#### Data extracts:
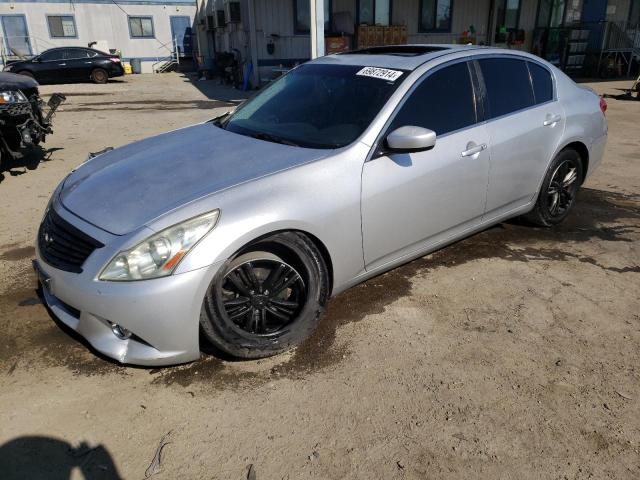 INFINITI G37 BASE 2011 with VIN JN1CV6AP1BM509882 - Photo from auction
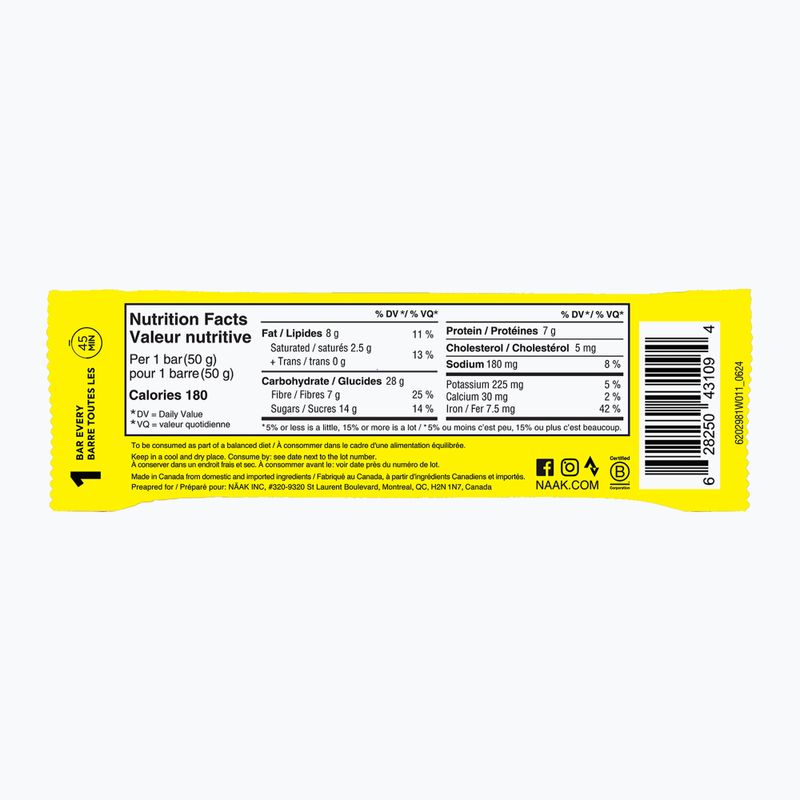 Батончик енергетичний Näak Ultra Energy 50 г banana & chocolate 2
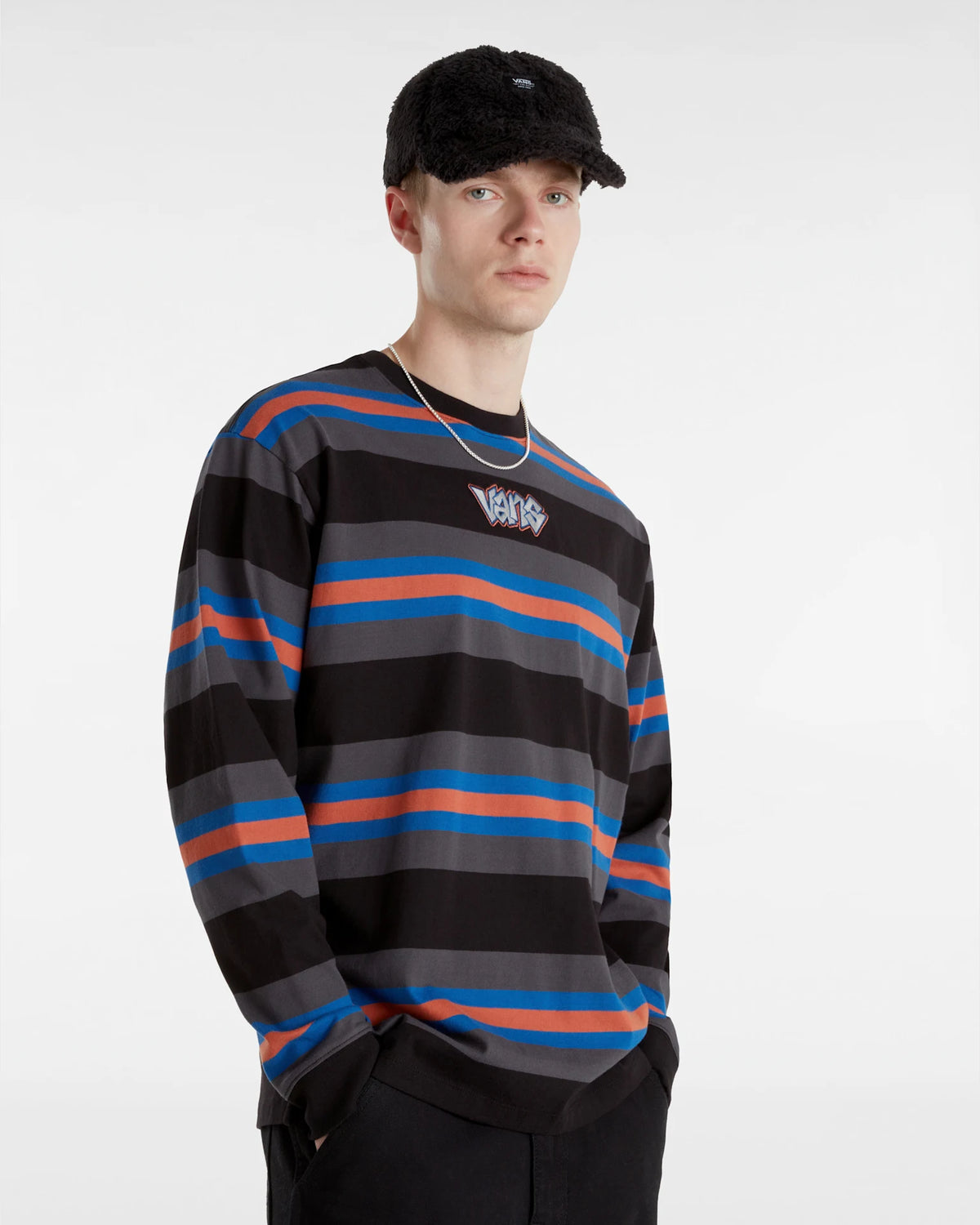 VANS Wilton LS Knit BLACK/ASPHALT Ing VN000HE2KOU1 - 3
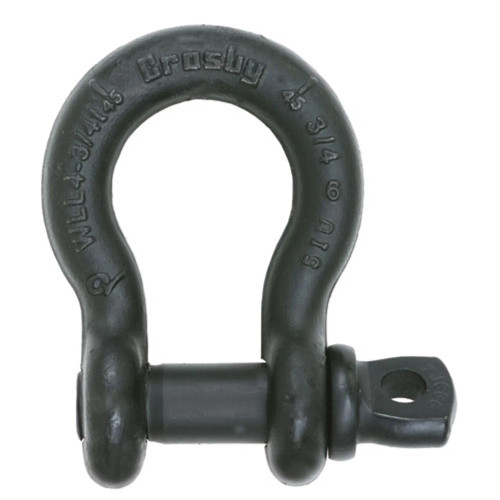 1/2" BLACK 2T SCREW PIN ANCHOR SHACKLE - GPBHHB13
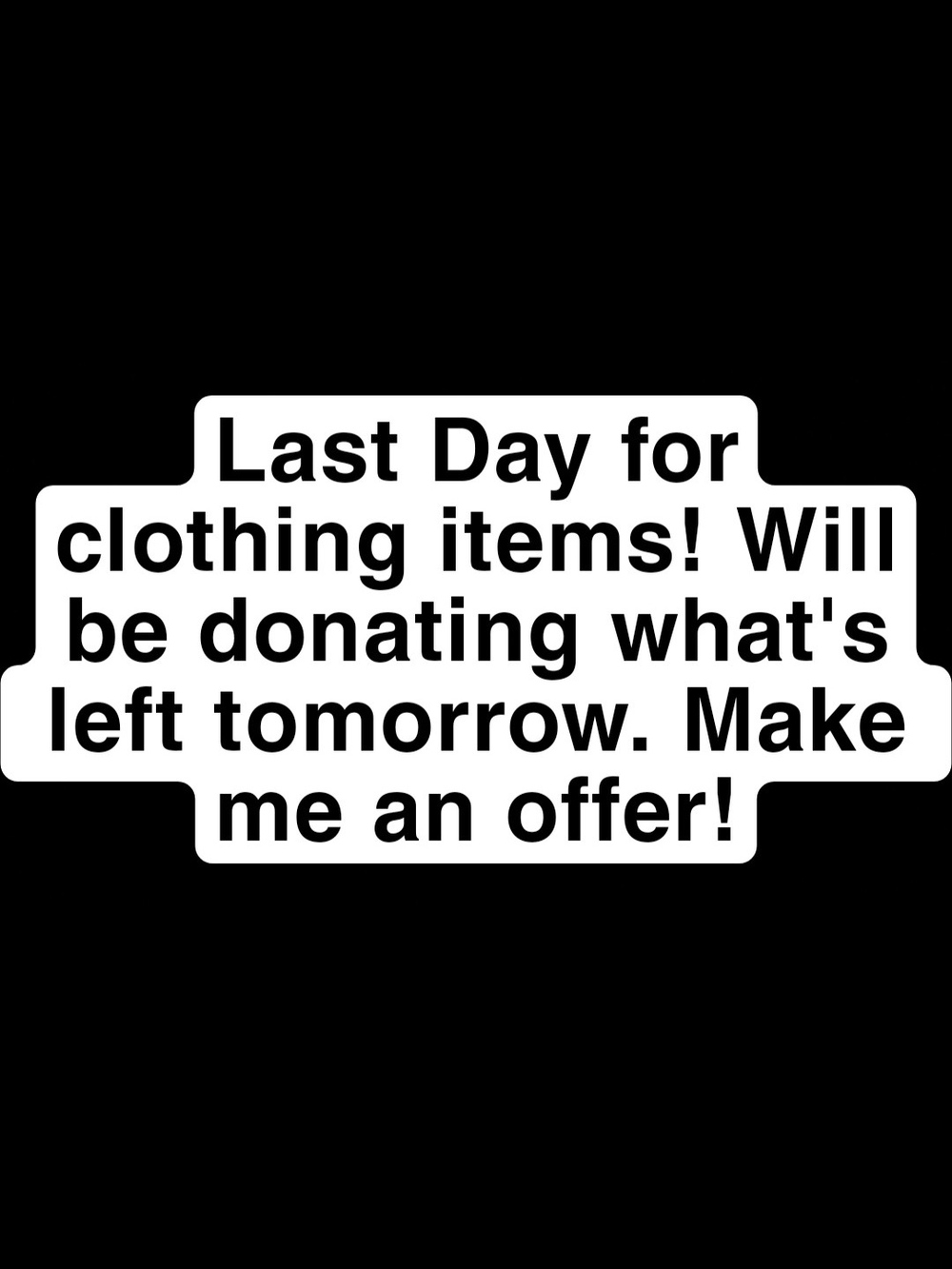 Make Me An Offer!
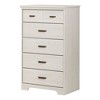 South Shore Versa 5 Drawer Winter Oak: Particle Board Frame, 49" High, Compliant with ASTM Safety Standards - image 2 of 4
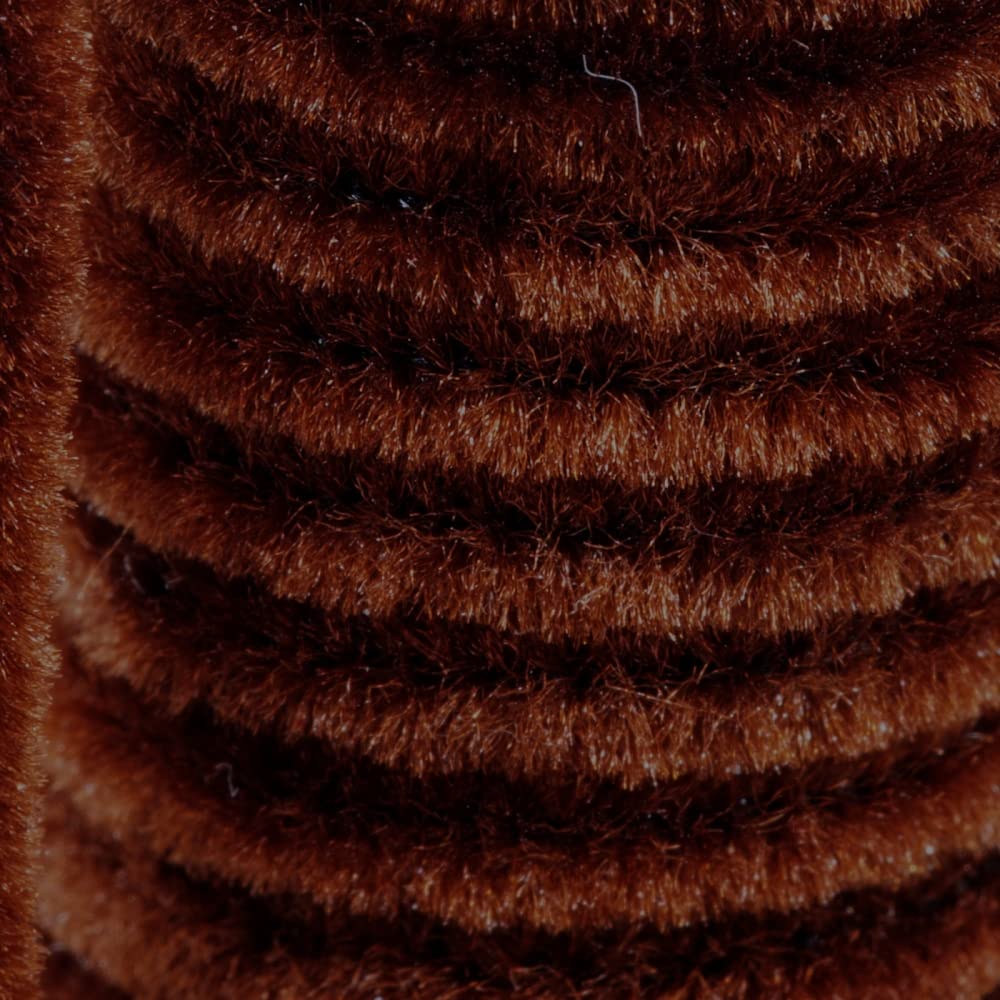 Semperfli Worm Chenille Firey Brown for Fly Tying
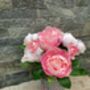 Pink Peonies Artificial Silk Flower Arrangement Mothers Day Gift, thumbnail 5 of 5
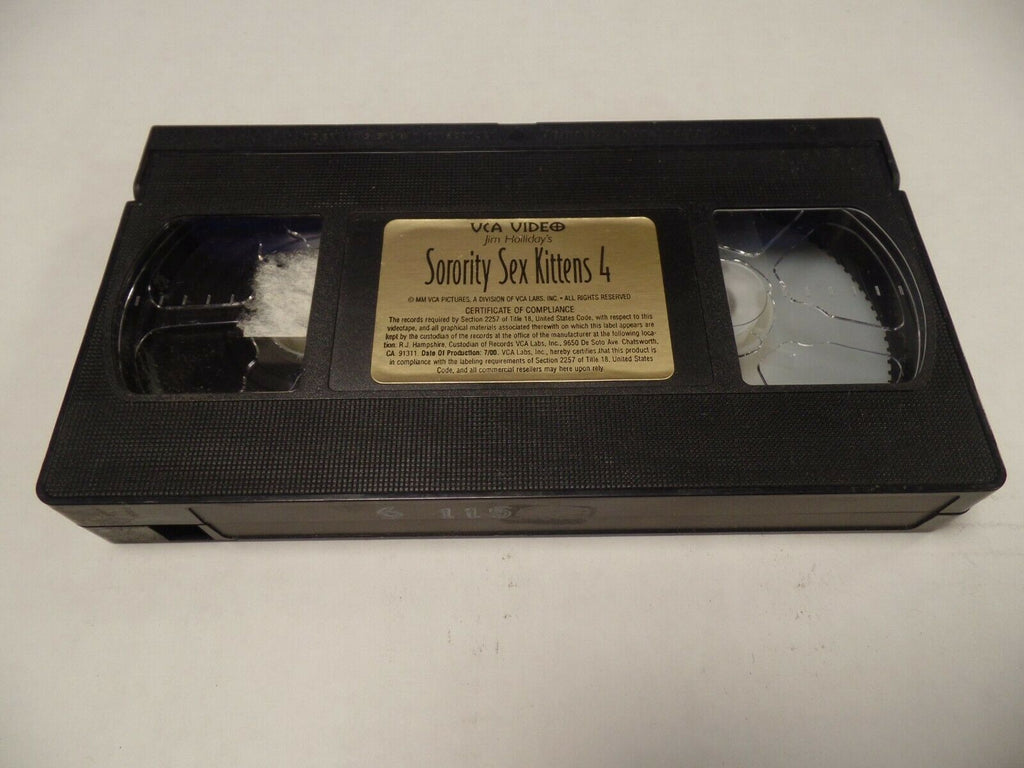 Sorority Sex Kits #4 VCA Video 2000 Adult VHS 051619AMP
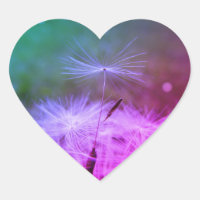 Make a wish dandilion sticker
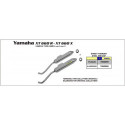 Arrow Endschalldämpfer-Paar Street Thunder Titan Edelstahl-Endkappe YAMAHA XT 660 R 72603PO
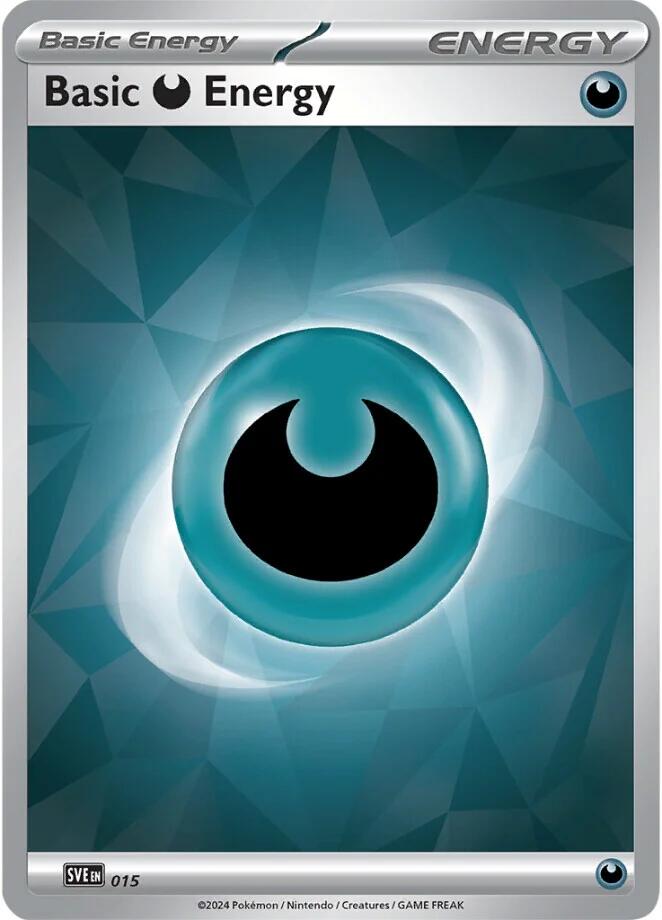 Basic Darkness Energy (015)(Holo) [Scarlet & Violet: Stellar Crown] | Pegasus Games WI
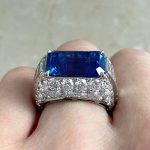 Bulgari ring set in prongs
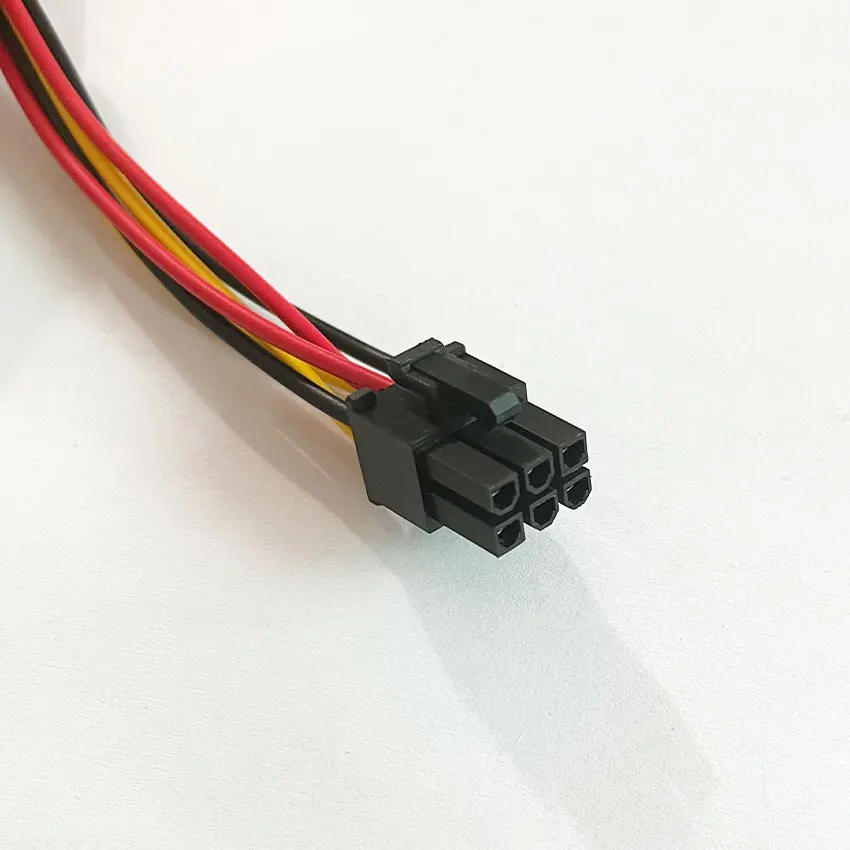 

1pcs 2 IDE Dual 4pin Molex IDE Male to 6 Pin Female PCI-E Y Molex IDE Power Cable Adapter Connector for video cards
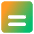 Align Two Top Square Icon from Core Gradient Set
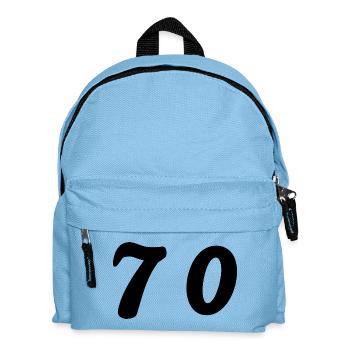 70. 70 ANS. 70e ANNIVERSAIRE. ANNIVERSAIRE 70 ANS. - Sac à dos Enfant - bleu clair - Devant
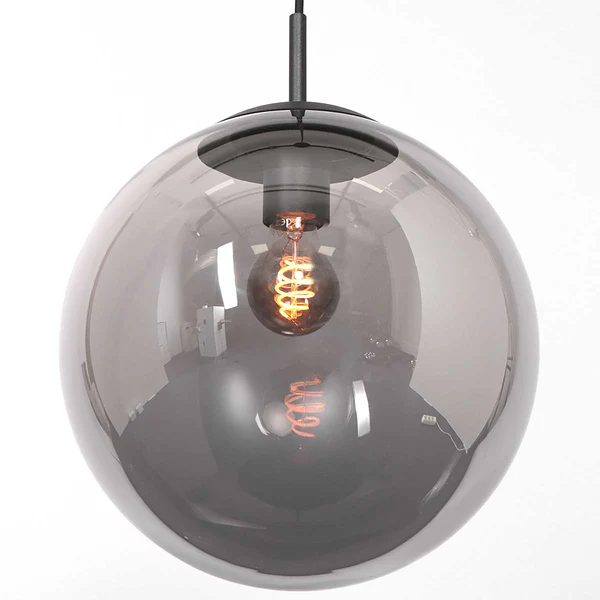 Pendelleuchte Bollique 1-flammig - Aluminium - Schwarz - Image 4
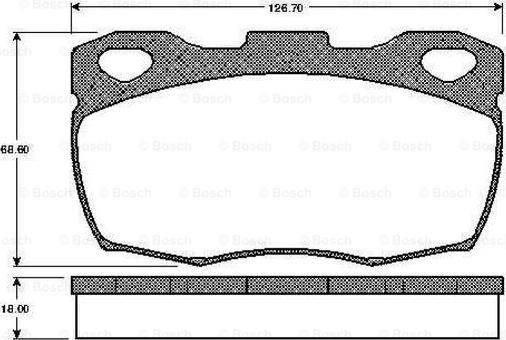 BOSCH 0 986 TB2 148 - Тормозные колодки, дисковые, комплект autospares.lv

#### Task:
Take only the lines above from the one that has "Semperfli Worm Chenille" through the one that has "1pcs 2 IDE Dual" and reproduce them exactly, omitting any pictures.

#### Final answer:
 Semperfli Worm Chenille Firey Brown for Fly Tying
 Pink Peonies Artificial Silk Flower Arrangement Mothers Day Gift, thumbnail 5 of 5
 Sorority Sex Kits #4 VCA Video 2000 Adult VHS 051619AMP
 Make a wish dandilion sticker
 Arrow Endschalldämpfer-Paar Street Thunder Titan Edelstahl-Endkappe YAMAHA XT 660 R 72603PO
 Basic Darkness Energy (015)(Holo) [Scarlet & Violet: Stellar Crown] | Pegasus Games WI
 Bulgari ring set in prongs

1pcs 2 IDE Dual 4pin Molex IDE Male to 6 Pin Female PCI-E Y Molex IDE Power Cable Adapter Connector for video cards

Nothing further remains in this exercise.